Sous le marivaudage couve la crise. Un couple, deux époques, le milieu du 19e siècle et le 21e siècle. Le temps passe, les sentiments se répètent inlassablement. Un même lieu, un appartement bourgeois aux abords du Parc Monceau, quel romantisme. Tout en finesse, «Il faut je ne veux pas», spectacle créé en 2010 aujourd’hui repris au Théâtre de l’Œuvre, nous entraîne dans les méandres de la déclaration amoureuse. Ou plutôt dans le délicat passage de la parole à l’acte. Alors, tu veux ou tu veux pas ? Eux ne savent pas visiblement, mais le destin les rapproche et les unit.
La structure du spectacle elle-même est intéressante. Il me faut en dire un peu mais pas trop. Jean-Marie Besset, qui met en scène l’ensemble, a écrit «Je ne veux pas me marier». Il appelle à la rescousse Alfred de Musset, qui, bon prince, lui accorde «Il faut qu’une porte soit ouverte ou fermée». Les textes sont charmants, alternativement doux et tranchants. Jean-Marie Besset interroge son illustre prédécesseur, il nous livre sa vision du couple et du mariage cent cinquante après Musset. Et ce n’est pas toujours le paradis, loin s’en faut, même à la veille de mariage.

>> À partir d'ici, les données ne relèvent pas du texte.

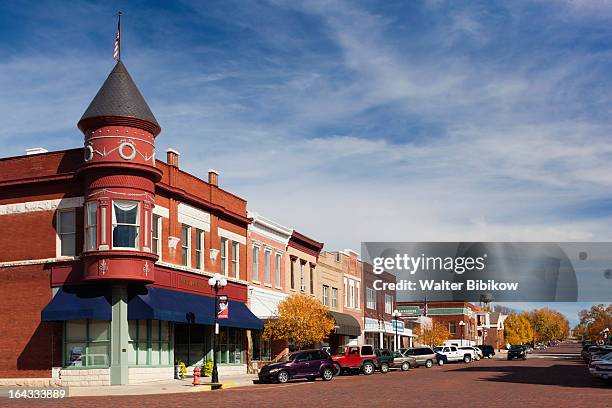 marysville, kansas, city view - kansas stock-fotos und bilder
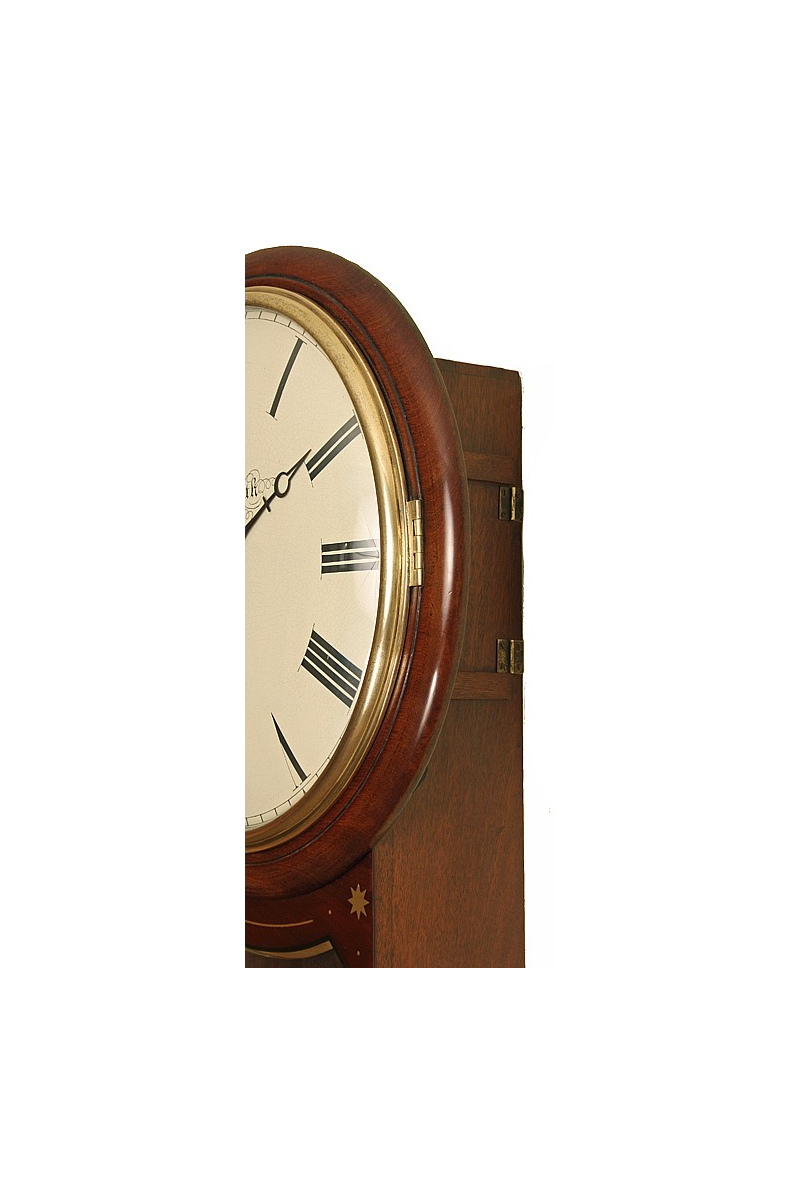 19th century Fusee Wall Clock by Evans of Handsworth 19th century Fusee Wall Clock by Evans of Handsworth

La marquise a cédé la place à une professeur agrégée de mathématiques, le comte à un jeune cadre bancaire «membre du cabinet du ministre du budget», mais le jeu de la séduction reste le même dans le fond. Trois jeunes comédiens campent à merveille la retenue du couple romantique en 1845 ou la décadence du couple contemporain de 2008. Par la fenêtre de leur même appartement bourgeois, les marronniers défient le temps, témoins silencieux.
Hier comme aujourd’hui, on est tour à tour séduits par les maladresses des apprentis amoureux et agacés par leurs interrogations. L’homme est volage, la femme indécise, mais ce n’est qu’une facette. Car la vie de couple est un équilibre permanent, ce que nous conte délicieusement «Il faut je ne veux pas». Une réussite à voir. Même à deux.